North Korea continues to conduct a flurry of missile tests, including one last Sunday of a projectile North Korean state media claimed was a new type of tactical guided weapon designed to boost Pyongyang’s nuclear targeting capabilities.

Earlier launches late last month triggered debate among U.S. and South Korean officials over precisely what missiles the North Koreans had tested, although most analysts agree one of the tests — on March 24 — marked the Kim regime’s most powerful ICBM test to date.

The regime claimed via state media to have tested an Hwasong-17, a massive missile first revealed at a 2020 military parade. However, U.S. and South Korean analysts have since said the March 24 test was likely an upgraded version of the less powerful Hwasong-15, which North Korea had first tested in 2017.

The Biden administration has responded with caution. The White House dispatched North Korea special envoy Sung Kim this week to meet with his South Korean counterpart and show a unified front in condemning the North’s provocations.

Appearing in Seoul on Monday, Mr. Kim said the U.S. and South Korea are aligned on the need for a strong response to the missile tests, but remain open to dialogue with the Kim regime.

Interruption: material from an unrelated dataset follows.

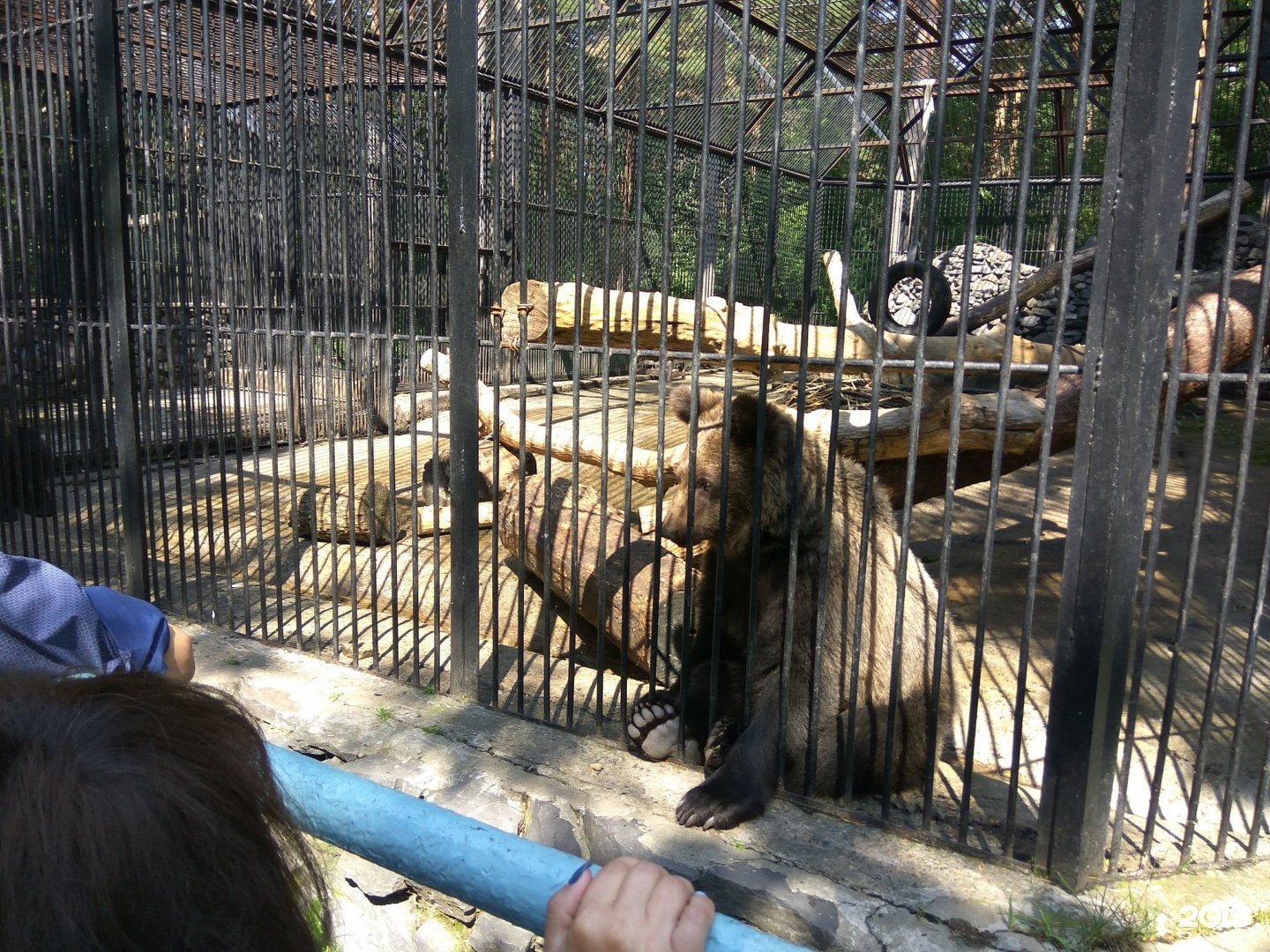 Есть ли зоопарк в новосибирске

“We agreed on the need for a strong response to the destabilizing behavior we have seen,” Mr. Kim told reporters. “We also agreed on the need to maintain the strongest possible joint deterrent capability on the peninsula.”

Mr. Klingner, meanwhile, said the Biden administration should take action now by enforcing sanctions that Washington has already authorized to be imposed on North Korea, including against hundreds of North Korean entities, as well as on several Chinese banks that U.S. officials say have helped Pyongyang evade sanctions.

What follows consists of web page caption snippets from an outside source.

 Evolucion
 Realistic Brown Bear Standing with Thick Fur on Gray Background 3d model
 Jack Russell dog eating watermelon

Previous administrations, including the Trump administration, have all stopped short of fully enforcing the sanctions, Mr. Klingner said, adding that full enforcement would “make it more difficult for North Korea to make progress on its missile and nuclear programs, and could work to inspire them back into diplomacy.”

But given the closed nature of the North Korean regime and the central role its weapons programs play in national security policy, “there really is no way to deter them from doing another test.”

“They clearly have shown for decades that they’re determined to have nuclear and missile programs,” Mr. Klingner said, adding that “there’s much more pessimism across the community of Korea watchers right now that we can do things to prevent North Korea’s further development of these programs.